Create an event with its own feel, it's own style. Give it a voice and keep your community engaged. If they walk away feeling something, whether that means they were inspired by a presentation, met someone amazing, or simply enjoyed the atmosphere, you'll be successful. You have to keep at it, though. It took us at least a year to build up meaningful momentum.

Finally, there is an art to properly managing and communicating with your community with tools like EventBrite, Twitter, Facebook, LinkedIn, Meetup, and more. However, we'll be here for days if I get into that.

Andrew, you are a wee bit of an expert in SEO and affiliate marketing tactics. What would be your top piece of advice be for a beginner to drive and convert traffic on their online site into sales and leads?

Content is King. Links are Queen. For content websites on a budget, focus on building valuable content and community. Seed the content with the community and make it good enough to be make people want to share it. Reap the benefits of inbound link activity.

Businesses with budgets can spend money on media buys, giving them immediate data to utilize in their other marketing efforts. For example, does the phrase "Lil Wayne Music" result in sales of Lil Wayne music from paid search? If so, maybe we should optimize for that phrase to benefit from free, organic traffic.

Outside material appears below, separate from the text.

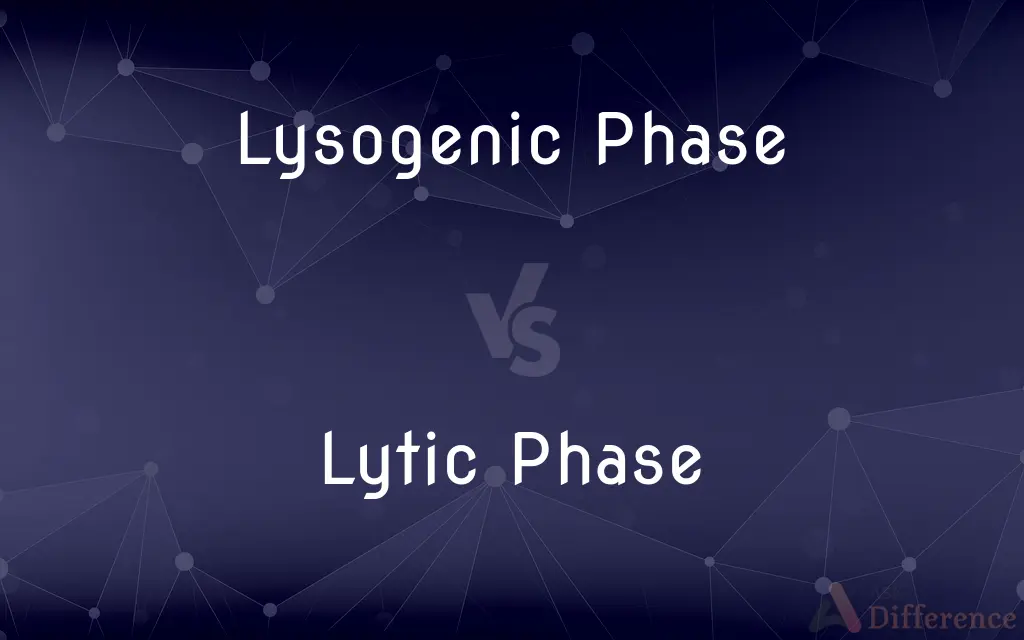 Lysogenic Phase vs. Lytic Phase — What's the Difference?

Finally, understand your success metrics and have analytics in place to be able to know if things are working or not. I've worked with so many companies who don't have a solid grasp on what metrics matter to them. It's not just about measuring revenue and ROI, either. Pay attention to both micro and macro conversion events so that you can properly optimize your campaigns and conversion funnels. A micro conversion event might be a Like on a piece of content on Facebook. A macro conversion event would be a sale or a download of a white paper. How did that like on Facebook effect the download of the white paper 4 steps later?

So, inside info...what do you think is the next big emerging trend in the digital and cultural arena that Startacus members should keep an eye out for?

Professional exchange & co-working. The concept of co-working is still relatively new in many parts of the world. However, this is influencing work and the team dynamic in general. I think we'll see more professional exchanges across communities and across geography, not only amongst freelancers, but also established employees of large companies.